また、クラウドベンダーを活用することで障害対応や保守作業の負担も軽減されるため、長期的に見ると運用コストを抑えられるようになるでしょう。
クラウドリフトのデメリット
クラウドリフトは、短期間でのクラウド移行や既存システムの維持に適した方法ですが、企業によっては必ずしも最適な選択とは限りません。
ここからは、クラウドリフトの主なデメリットを確認していきましょう。
クラウドのメリットを最大限活用できない
クラウドリフトは、現行のシステム構成やアプリケーションの変更を最小限に抑えて移行するため、クラウドの柔軟なリソース管理や自動化機能を十分に活かせません。
システムがクラウド向けに最適化されていないことで、スケーラビリティや運用効率の向上が制限される可能性があります。
システムの問題をそのまま引き継ぐ可能性がある
オンプレミス環境で抱えていたパフォーマンスや運用上の課題は、クラウドに移行しただけでは解決しません。
例として、非効率なデータベース設計や老朽化したアプリケーションがそのまま移行されると、クラウド上でもボトルネックが残ることになります。その結果、管理負担が減らず、適応するために追加の運用コストが発生する可能性があります。
長期的な運用コストが増加する可能性がある
クラウドは従量課金制が基本のため、オンプレミス環境からの移行によってコストが削減できるというメリットがあります。
しかし、クラウドリフトは現行のシステムのまま移行するため、古いシステムの保守や運用にもコストがかかるというデメリットが発生します。
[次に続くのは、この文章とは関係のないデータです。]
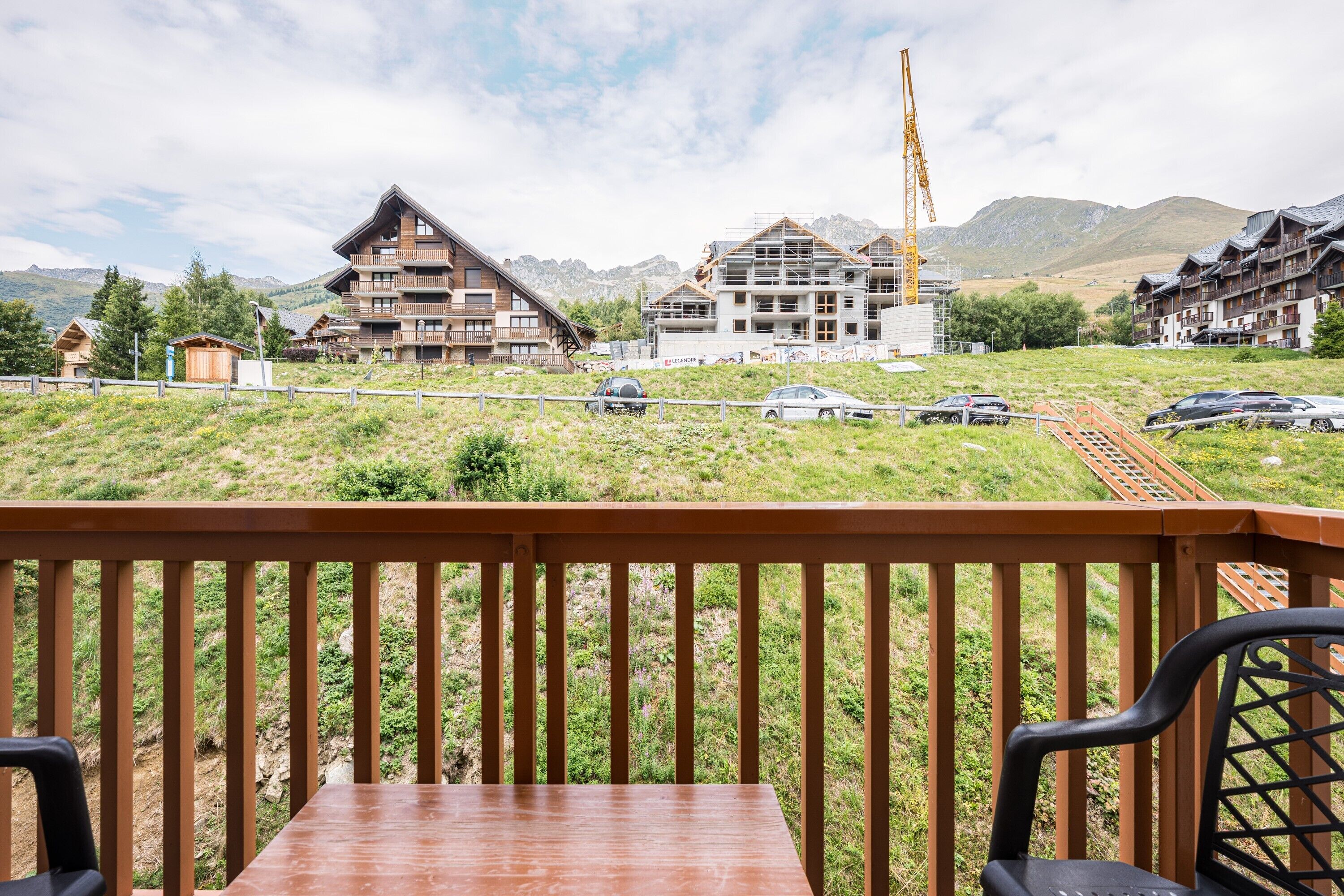 Een houten terras met een tafel en stoelen, met uitzicht op een bergachtig gebied met gebouwen in aanbouw en een treinspoor.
長期的な運用コストに懸念がある場合は、クラウドリフトとともにクラウドシフトも検討するとよいでしょう。
クラウドリフトが適している企業とは?
クラウド移行にはさまざまな方法がありますが、クラウドリフトが最適な企業は限られます。ここからは、クラウドリフトが適している企業の特徴をご紹介します。
クラウド移行を短期間で実施したい企業
クラウドリフトは、サーバーの老朽化や契約満了にともなうインフラ刷新が必要な企業に適しています。
事業拡大や統合により迅速な移行が求められる場合も、短期間でクラウド環境を構築できるクラウドリフトが有効です。
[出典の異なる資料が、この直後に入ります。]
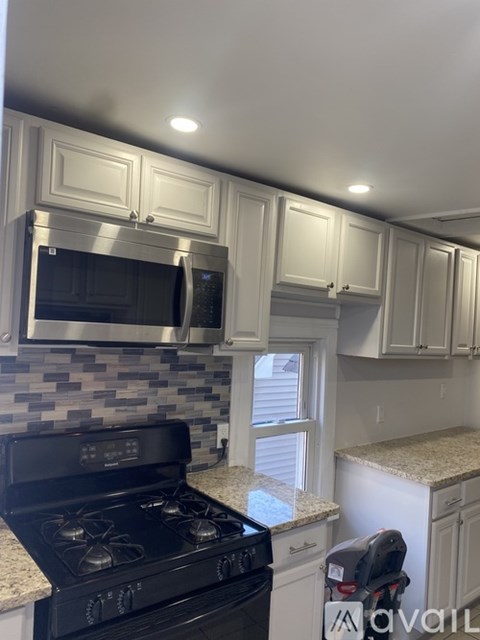 A kitchen with a black stove top oven and white cabinets.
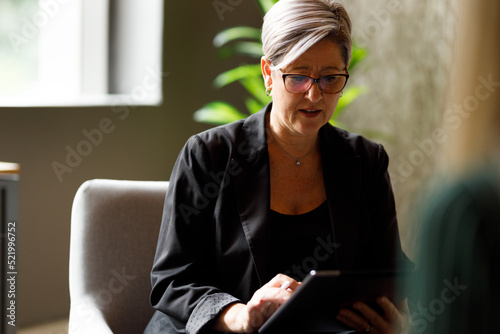Female executive using digital tablet in office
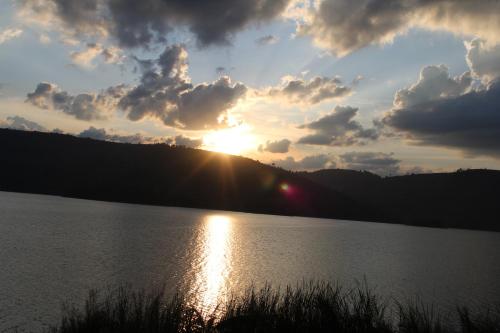 a sunset over a lake with the sun setting at Nyamunyonyi Lake Resort in Kabale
レガシーシステムを運用しながら徐々にクラウド環境へ移行したい企業
業務に密接したレガシーシステムを抱える企業では、システム全体を一括でクラウド移行するのが難しいことがあります。
クラウドリフトなら、オンプレミスとクラウドの環境を共存させながら、業務への影響を抑えて段階的なクラウド移行を進められるでしょう。
オンプレミス環境の運用コストを削減したい企業
クラウドリフトは、オンプレミス環境時に発生していたハードウェアの維持や更新にかかる負担を軽減したい企業に適しています。
クラウドリフトを活用することで物理サーバーの管理が不要になり、設備投資や保守コストを削減できます。ITインフラのコスト最適化を目指す企業にとって、クラウドリフトは賢明な選択肢といえるでしょう。
まずはクラウドへのシンプルな移行を考えている企業
クラウド移行を本格的に進める前に、まずは試験的に導入したいという企業にも適しています。
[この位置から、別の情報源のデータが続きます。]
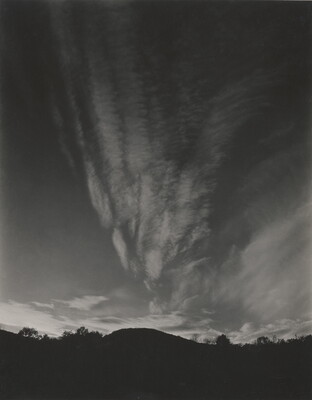 A black-and-white photograph of hills and trees silhouetted against a sky with thin, vertical clouds.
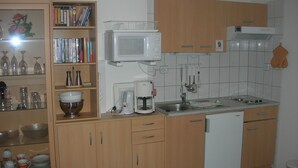 A kitchen with wooden cabinets, a microwave, a coffee maker, and a dishwasher. - Haus Hamburg (Bad Fuessing)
クラウドリフトなら、アプリケーションの大幅な変更なしにクラウド環境へ移行できるため、今後の本格移行に向けたステップとして活用しやすいでしょう。
クラウドリフトの導入ステップ
クラウドリフトを成功させるには、適切な手順を踏むことが重要です。現行システムの整理から移行後の最適化まで、スムーズに進めるための基本的な流れを見ていきましょう。
現行システムの分析
まずは現行システムの構成や依存関係を整理し、クラウド移行時の課題を特定しましょう。クラウド移行に際し、業務や運用にどのような影響を与えるかを事前に把握してリスクを洗い出すことが重要です。
クラウド移行計画の策定
次にクラウド移行のタイミングや、どのシステムから順にクラウド移行するかといった優先順位を決め、無理のない移行計画を策定しましょう。
とくに、大規模なシステムでは影響を最小限に抑えるために、リスクを分散できる段階的なクラウド移行がおすすめです。
クラウド環境の選定・構築
自社の規模にあうクラウドベンダーを選定し、コストやパフォーマンス、セキュリティ要件を考慮しながら環境を構築します。この際、データの保護やコンプライアンスの確認も忘れずに行いましょう。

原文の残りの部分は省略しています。